Faute de prendre le risque de voler, je me suis complu dans la mesquinerie. Trop lâche pour trahir, je me suis contenté de petites bassesses et de menues infidélités qui n’en sont que plus nauséabondes sous le soleil du jugement. J’ai mégoté mon âme au diable de peur de la vendre franchement. Lorsque la vie m’a mis à l’épreuve, je me suis conduit sans noblesse, avec l’égoïsme et l’hypocrisie les plus atrocement banals.

J’aimais ma compagne. Je l’aimais jeune, jolie, quand c’était facile et que nous n’avions aucun souci à partager. Soyons cyniques : je suis persuadé que c’est ainsi que la plupart des gens s’aiment, mais ils ont généralement la chance de ne pas s’en apercevoir. Tant que rien ne vient les déranger dans leur confort matériel et leur contentement moral.

Lorsqu’elle est tombée malade, j’ai d’abord tenu devant elle le discours convenu que tout le monde attendait de moi : elle bien sûr, et aussi les médecins, la famille. Je lui répétais : je serai à tes côtés quoi qu’il arrive. Mais quand j’ai senti qu’elle était emportée dans une histoire qui n’était plus la mienne, je l’ai regardée dériver loin de moi, de moins en moins concerné par ce qui n’était au fond qu’un bref accident dans ma vie, une passe dangereuse dont je comptais bien sortir vivant, moi. Je me suis mis à passer de plus en plus de temps au travail pour ne pas la voir, ne pas l’entendre, ne pas savoir. N’avais-je pas des excuses ? J’étais à l’âge où l’on se construit une carrière et j’avais devant moi ce qu’elle n’avait plus : la perspective de longues années à vivre.

J’étais d’une grande indulgence envers moi-même. J’ai trouvé des raisons pour ne plus l’accompagner à l’hôpital. Je mettais en avant les devoirs que j’avais envers moi-même pour me ménager. Le jour où elle est morte, seule sa mère était avec elle. Je n’en avais pas la force, moi ! Je n’étais pas un héros, après tout ! Le chagrin immense que je devais forcément éprouver expliquait tout.

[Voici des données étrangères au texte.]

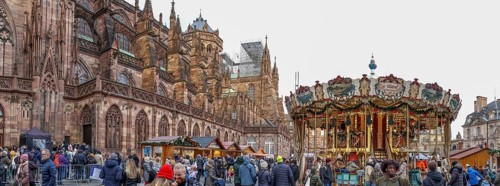 Panoramic photo of the carousel at the Christmas market at the High Gothic Strasbourg Cathedral,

J’étais profondément démoralisé à l’époque. Etait-ce la douleur causée par le deuil, comme le pensaient les autres ? Ou bien cette angoisse diffuse, puissamment égocentrique, que fait naître au cœur des vivants la proximité de la mort ? Je me trouvais d’autres excuses pour oublier la morte, ou du moins faire comme si j’avais le droit de l’oublier. Il fallait bien continuer à vivre, n’est-ce pas l’expression que tout un chacun emploie dans ces circonstances ? Mes collègues me réconfortaient par les paroles d’usage. J’étais jeune, il y aurait d’autres femmes ; j’aurais même un jour des enfants. De mon point de vue, la perte que j’avais faite n’avait rien d’irrémédiable... Mais j’étais tout de même miné par une angoisse sournoise sur laquelle je ne parvenais pas à mettre de nom.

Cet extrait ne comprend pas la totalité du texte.